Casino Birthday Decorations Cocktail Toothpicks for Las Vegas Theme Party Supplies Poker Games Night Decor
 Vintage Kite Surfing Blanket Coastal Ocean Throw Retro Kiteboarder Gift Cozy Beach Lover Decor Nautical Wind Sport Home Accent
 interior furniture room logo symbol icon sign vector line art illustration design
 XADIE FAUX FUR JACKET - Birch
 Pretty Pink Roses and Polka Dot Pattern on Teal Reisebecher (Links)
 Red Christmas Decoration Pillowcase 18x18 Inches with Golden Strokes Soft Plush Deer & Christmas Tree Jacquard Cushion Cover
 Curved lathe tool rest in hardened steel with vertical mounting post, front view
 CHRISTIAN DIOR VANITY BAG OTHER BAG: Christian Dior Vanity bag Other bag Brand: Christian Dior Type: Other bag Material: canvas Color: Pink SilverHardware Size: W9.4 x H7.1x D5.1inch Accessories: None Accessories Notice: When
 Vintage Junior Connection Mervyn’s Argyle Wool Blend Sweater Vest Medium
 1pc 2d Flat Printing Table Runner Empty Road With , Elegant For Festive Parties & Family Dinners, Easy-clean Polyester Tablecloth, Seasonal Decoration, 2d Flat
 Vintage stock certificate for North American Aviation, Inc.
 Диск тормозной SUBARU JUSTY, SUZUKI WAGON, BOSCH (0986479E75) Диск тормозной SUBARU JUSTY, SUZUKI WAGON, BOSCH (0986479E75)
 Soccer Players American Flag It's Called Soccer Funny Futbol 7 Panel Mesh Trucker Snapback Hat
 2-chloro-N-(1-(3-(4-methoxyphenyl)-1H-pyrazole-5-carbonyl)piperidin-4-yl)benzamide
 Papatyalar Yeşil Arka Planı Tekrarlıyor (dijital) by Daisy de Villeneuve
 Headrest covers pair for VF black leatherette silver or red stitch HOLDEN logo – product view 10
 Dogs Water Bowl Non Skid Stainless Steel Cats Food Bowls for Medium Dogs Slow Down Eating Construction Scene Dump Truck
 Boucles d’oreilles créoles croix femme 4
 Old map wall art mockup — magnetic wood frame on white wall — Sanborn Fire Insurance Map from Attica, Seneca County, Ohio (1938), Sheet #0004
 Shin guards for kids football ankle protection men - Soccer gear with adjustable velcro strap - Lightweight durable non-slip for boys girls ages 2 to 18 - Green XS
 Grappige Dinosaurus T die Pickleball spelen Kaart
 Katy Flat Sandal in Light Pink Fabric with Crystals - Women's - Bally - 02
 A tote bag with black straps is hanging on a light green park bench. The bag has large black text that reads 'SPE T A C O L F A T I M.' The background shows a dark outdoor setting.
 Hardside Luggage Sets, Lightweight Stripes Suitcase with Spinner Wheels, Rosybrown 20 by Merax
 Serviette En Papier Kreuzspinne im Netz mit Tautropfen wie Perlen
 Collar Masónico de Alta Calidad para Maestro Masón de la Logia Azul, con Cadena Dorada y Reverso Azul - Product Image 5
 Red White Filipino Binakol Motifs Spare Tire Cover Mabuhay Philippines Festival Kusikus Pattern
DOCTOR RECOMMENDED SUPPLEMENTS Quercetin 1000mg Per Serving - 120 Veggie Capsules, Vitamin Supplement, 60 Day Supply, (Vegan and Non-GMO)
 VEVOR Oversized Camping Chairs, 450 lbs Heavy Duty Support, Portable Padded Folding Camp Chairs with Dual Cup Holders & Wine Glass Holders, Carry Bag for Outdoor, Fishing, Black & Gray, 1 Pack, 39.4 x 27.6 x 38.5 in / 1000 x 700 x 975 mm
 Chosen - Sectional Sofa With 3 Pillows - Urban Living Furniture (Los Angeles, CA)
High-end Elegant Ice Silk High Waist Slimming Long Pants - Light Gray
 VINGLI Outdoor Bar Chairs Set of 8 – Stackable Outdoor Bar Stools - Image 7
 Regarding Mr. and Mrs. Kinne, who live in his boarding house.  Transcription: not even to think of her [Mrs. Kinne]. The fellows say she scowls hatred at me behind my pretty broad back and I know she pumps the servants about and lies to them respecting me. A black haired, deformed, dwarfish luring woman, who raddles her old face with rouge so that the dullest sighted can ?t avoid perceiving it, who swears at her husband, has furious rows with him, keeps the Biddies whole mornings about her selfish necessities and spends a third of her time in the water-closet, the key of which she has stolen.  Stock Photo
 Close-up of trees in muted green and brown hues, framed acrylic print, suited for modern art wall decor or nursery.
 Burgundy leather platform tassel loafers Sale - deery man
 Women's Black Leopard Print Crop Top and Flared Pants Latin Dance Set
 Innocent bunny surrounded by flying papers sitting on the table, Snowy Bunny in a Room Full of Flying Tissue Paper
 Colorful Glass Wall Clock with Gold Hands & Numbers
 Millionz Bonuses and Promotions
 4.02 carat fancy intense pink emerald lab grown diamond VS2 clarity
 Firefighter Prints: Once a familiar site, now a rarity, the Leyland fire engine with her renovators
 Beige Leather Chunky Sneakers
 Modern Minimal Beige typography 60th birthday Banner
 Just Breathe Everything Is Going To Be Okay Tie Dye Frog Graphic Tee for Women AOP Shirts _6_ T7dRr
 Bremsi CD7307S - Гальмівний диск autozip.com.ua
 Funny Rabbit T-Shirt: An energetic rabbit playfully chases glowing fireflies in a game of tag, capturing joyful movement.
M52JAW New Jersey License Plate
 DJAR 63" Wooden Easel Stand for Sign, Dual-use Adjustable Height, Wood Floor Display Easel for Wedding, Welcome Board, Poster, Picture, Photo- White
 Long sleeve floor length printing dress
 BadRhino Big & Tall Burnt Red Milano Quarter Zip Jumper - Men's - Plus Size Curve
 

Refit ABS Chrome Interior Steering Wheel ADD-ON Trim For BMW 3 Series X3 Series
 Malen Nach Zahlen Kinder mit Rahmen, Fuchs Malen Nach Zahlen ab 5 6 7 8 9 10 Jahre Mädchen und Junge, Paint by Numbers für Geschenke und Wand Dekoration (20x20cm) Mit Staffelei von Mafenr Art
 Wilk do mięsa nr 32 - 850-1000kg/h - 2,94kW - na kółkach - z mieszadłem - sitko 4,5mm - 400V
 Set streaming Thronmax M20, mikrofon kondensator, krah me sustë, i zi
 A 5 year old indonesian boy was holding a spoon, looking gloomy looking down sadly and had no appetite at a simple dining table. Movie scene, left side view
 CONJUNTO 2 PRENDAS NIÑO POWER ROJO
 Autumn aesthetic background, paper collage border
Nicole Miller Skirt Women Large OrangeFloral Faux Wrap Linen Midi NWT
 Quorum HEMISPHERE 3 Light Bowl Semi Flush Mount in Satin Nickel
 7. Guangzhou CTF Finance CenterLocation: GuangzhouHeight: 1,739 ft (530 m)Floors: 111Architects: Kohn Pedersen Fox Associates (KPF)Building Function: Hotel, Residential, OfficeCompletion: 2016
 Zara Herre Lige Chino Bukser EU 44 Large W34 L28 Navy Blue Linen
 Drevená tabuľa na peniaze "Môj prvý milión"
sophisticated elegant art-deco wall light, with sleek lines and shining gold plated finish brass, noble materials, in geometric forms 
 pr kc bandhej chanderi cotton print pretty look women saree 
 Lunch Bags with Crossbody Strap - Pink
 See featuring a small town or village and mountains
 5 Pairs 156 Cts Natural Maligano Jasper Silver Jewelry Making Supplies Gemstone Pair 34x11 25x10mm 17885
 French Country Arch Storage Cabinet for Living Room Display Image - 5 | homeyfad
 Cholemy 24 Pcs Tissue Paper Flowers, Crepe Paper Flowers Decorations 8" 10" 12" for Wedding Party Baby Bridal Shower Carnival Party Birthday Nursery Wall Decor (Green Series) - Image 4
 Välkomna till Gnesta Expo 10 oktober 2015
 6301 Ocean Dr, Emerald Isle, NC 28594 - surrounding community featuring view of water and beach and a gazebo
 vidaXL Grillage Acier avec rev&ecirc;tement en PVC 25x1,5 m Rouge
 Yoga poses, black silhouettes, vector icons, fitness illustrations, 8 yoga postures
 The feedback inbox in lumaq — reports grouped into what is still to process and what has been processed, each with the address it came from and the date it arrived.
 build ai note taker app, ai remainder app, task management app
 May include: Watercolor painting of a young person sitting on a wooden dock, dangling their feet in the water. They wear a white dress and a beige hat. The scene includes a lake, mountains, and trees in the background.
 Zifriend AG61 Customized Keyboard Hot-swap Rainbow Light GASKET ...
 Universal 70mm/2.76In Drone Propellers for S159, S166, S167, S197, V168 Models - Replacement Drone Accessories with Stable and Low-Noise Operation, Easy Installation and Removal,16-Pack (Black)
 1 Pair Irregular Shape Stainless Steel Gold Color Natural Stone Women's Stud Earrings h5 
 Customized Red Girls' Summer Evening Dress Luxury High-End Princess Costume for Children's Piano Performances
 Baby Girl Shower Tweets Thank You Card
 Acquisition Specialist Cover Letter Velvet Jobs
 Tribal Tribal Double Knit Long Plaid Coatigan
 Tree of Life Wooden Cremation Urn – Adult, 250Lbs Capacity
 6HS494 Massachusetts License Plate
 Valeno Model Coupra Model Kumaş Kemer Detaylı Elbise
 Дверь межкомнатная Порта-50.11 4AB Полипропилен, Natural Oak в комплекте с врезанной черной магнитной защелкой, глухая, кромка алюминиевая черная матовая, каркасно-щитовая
# # # # # # #
Retype, exactly and in full, the lines above from the one containing "Cholemy 24 Pcs" through the one containing "Yoga poses, black".

* [OUTPUT FOR THIS TASK]
 Cholemy 24 Pcs Tissue Paper Flowers, Crepe Paper Flowers Decorations 8" 10" 12" for Wedding Party Baby Bridal Shower Carnival Party Birthday Nursery Wall Decor (Green Series) - Image 4
 Välkomna till Gnesta Expo 10 oktober 2015
 6301 Ocean Dr, Emerald Isle, NC 28594 - surrounding community featuring view of water and beach and a gazebo
 vidaXL Grillage Acier avec rev&ecirc;tement en PVC 25x1,5 m Rouge
 Yoga poses, black silhouettes, vector icons, fitness illustrations, 8 yoga postures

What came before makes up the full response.